Top of DATA UNDER STUDY

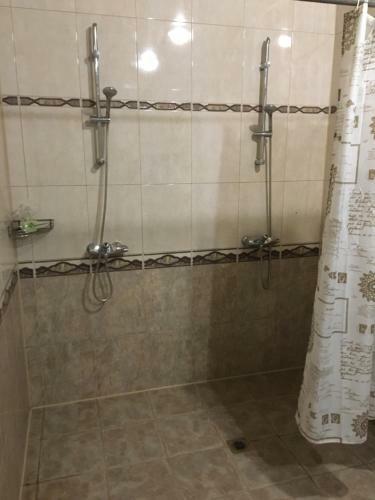 Apartment 120 Sq M With An Indoor Swimming Pool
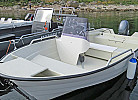 Boot Oien 530 F Landsnes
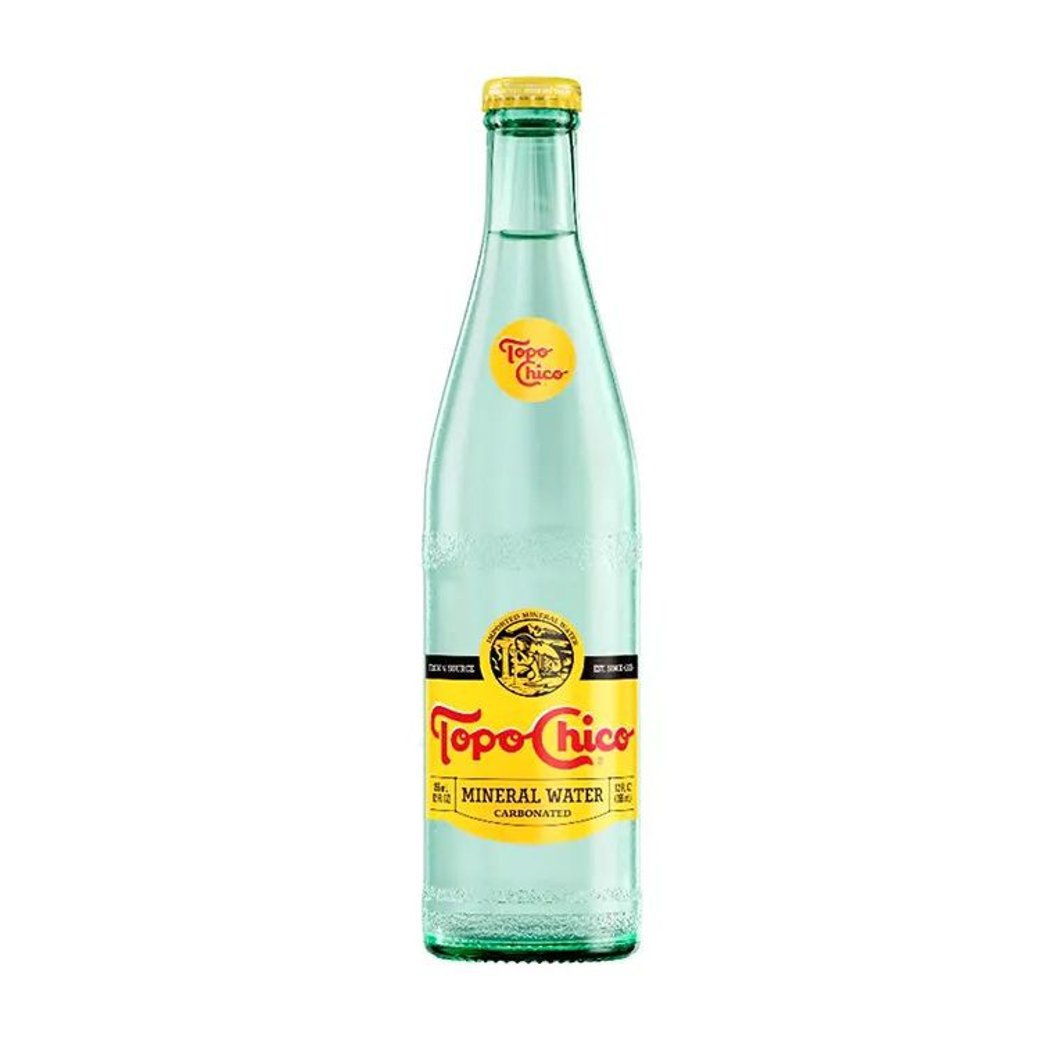 Topo Chico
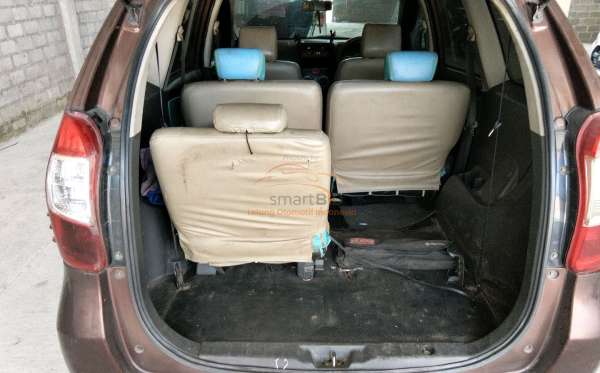 DAIHATSU XENIA 1.3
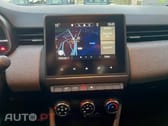 Renault Clio 1.0 TCe Evolution Bi-Fuel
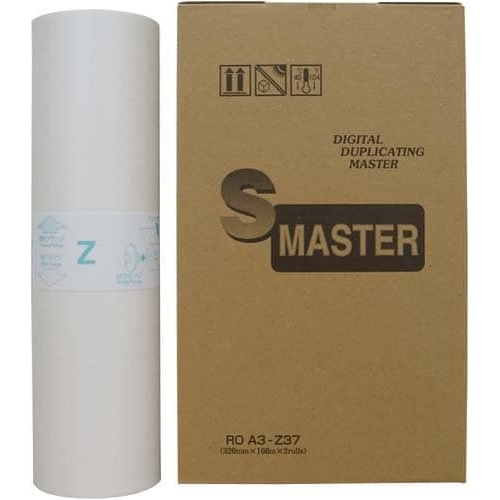 汎用マスター　ＲＯＡ３－Ｚ３７　２本入画像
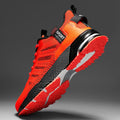 Men Breathable Walking Sneakers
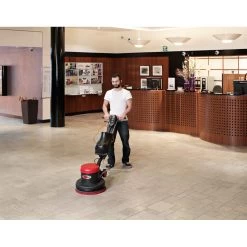 Viper LS160 Schrobmachine 11 Viper LS160 Schrobmachine -Reinigingsgereedschap 1459108340476LS160HD hotel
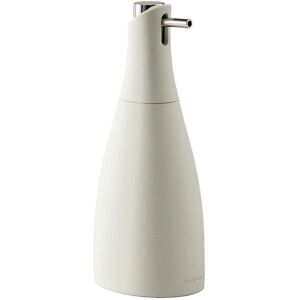 COSMIC Soap dispenser, 300ml, Ivory, Soft-finish coating, Saku Collection COSMIC Soap dispenser, 300ml, Ivory, Soft-finish coating, Saku Collection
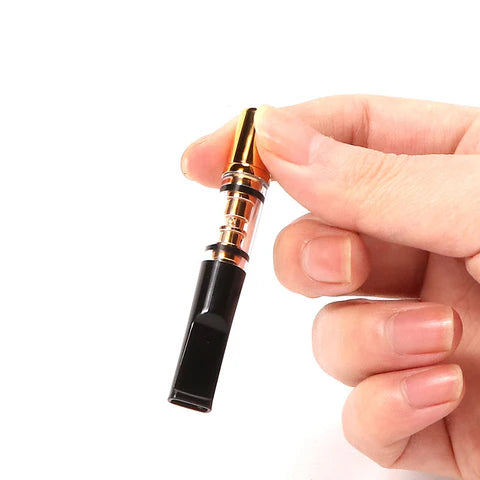 Nouveau Filtre cigarette anti-goudron 5 pièces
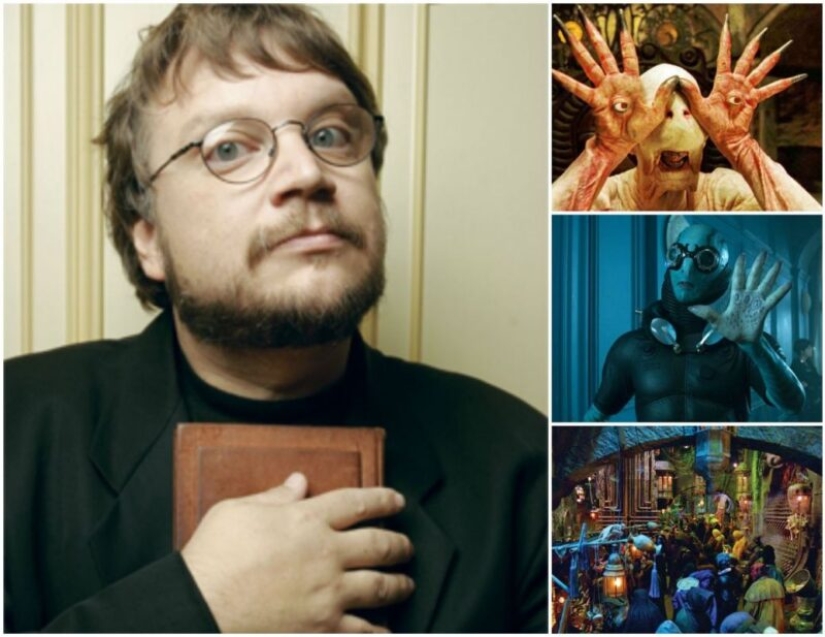 10 film Directors who continued the work of Hieronymus Bosch 10 film Directors who continued the work of Hieronymus Bosch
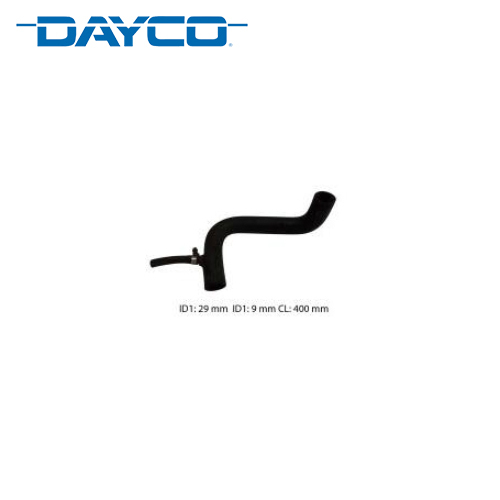 Dayco Radiator Bottom Hose CH673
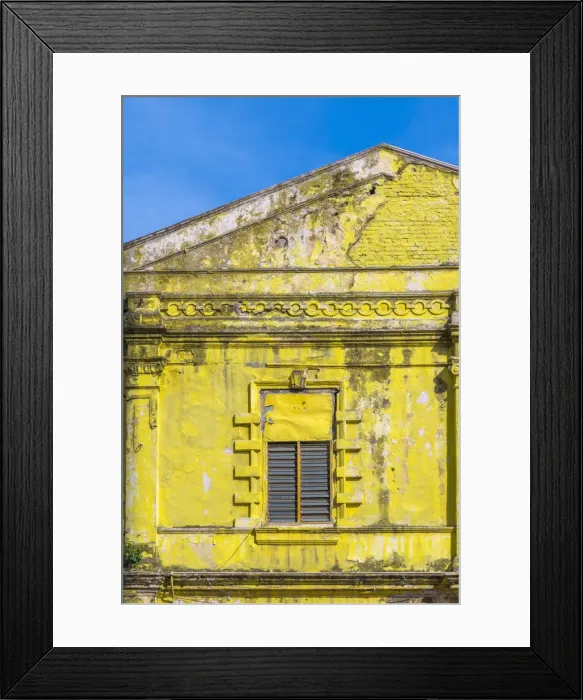 Framed Print : Malaysia, Kuala Lumpur, China Town Framed Print : Malaysia, Kuala Lumpur, China Town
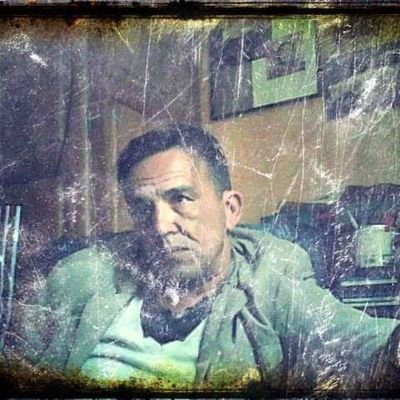 Profile Picture of Franck - Richard Romano (@romano_franck) on Twitter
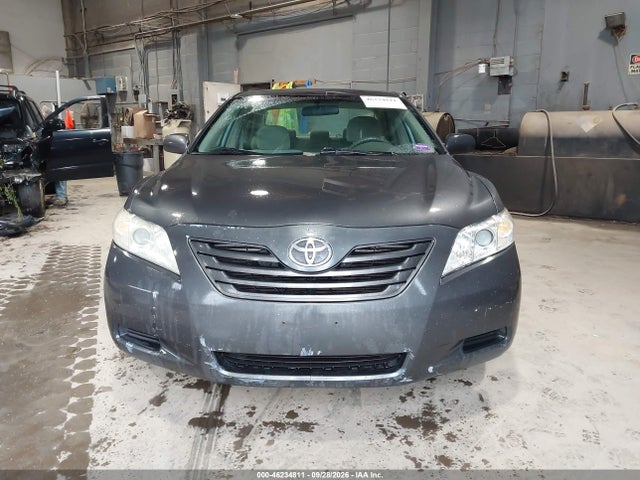 46234811 :رقم المزاد ، 4T1BE46K67U104081 vin ، 2007 Toyota Camry Le مزاد بيع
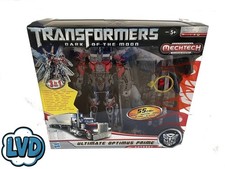 Ultimate optimus prime 28748 - ultimate,
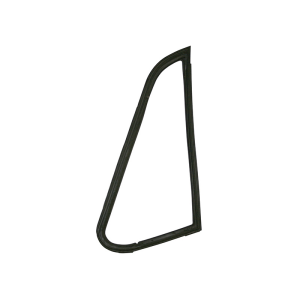 Ramka Uszczelniająca Lewa Do Okna Uchylnego do Porsche 911 F Coupe, 912 Coupe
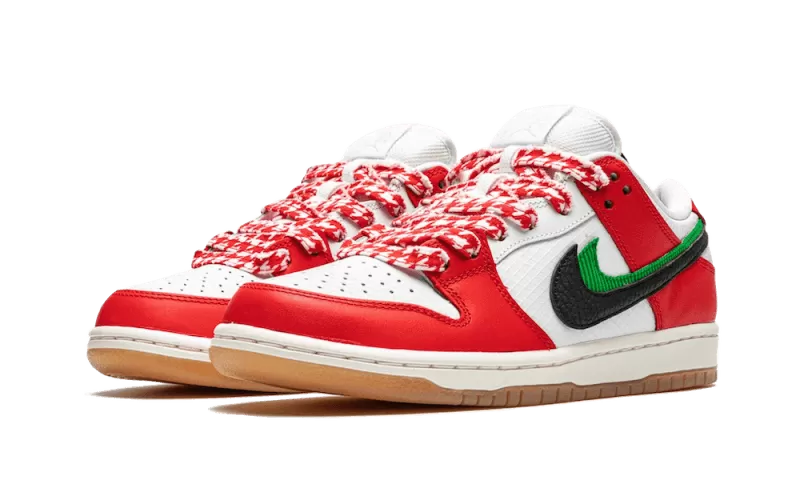 SB Dunk Low Frame Skate Habibi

Bottom of DATA UNDER STUDY

TASK GOAL
Copy everything in the records above except the pictures, exactly as written.

EXERCISE SOLUTION
 Apartment 120 Sq M With An Indoor Swimming Pool
 Boot Oien 530 F Landsnes
 Topo Chico
 DAIHATSU XENIA 1.3
 Renault Clio 1.0 TCe Evolution Bi-Fuel
 汎用マスター　ＲＯＡ３－Ｚ３７　２本入画像
 Men Breathable Walking Sneakers
 Viper LS160 Schrobmachine 11 Viper LS160 Schrobmachine -Reinigingsgereedschap 1459108340476LS160HD hotel
 COSMIC Soap dispenser, 300ml, Ivory, Soft-finish coating, Saku Collection COSMIC Soap dispenser, 300ml, Ivory, Soft-finish coating, Saku Collection
 Nouveau Filtre cigarette anti-goudron 5 pièces
 10 film Directors who continued the work of Hieronymus Bosch 10 film Directors who continued the work of Hieronymus Bosch
 Dayco Radiator Bottom Hose CH673
 Framed Print : Malaysia, Kuala Lumpur, China Town Framed Print : Malaysia, Kuala Lumpur, China Town
 Profile Picture of Franck - Richard Romano (@romano_franck) on Twitter
 46234811 :رقم المزاد ، 4T1BE46K67U104081 vin ، 2007 Toyota Camry Le مزاد بيع
 Ultimate optimus prime 28748 - ultimate,
 Ramka Uszczelniająca Lewa Do Okna Uchylnego do Porsche 911 F Coupe, 912 Coupe
 SB Dunk Low Frame Skate Habibi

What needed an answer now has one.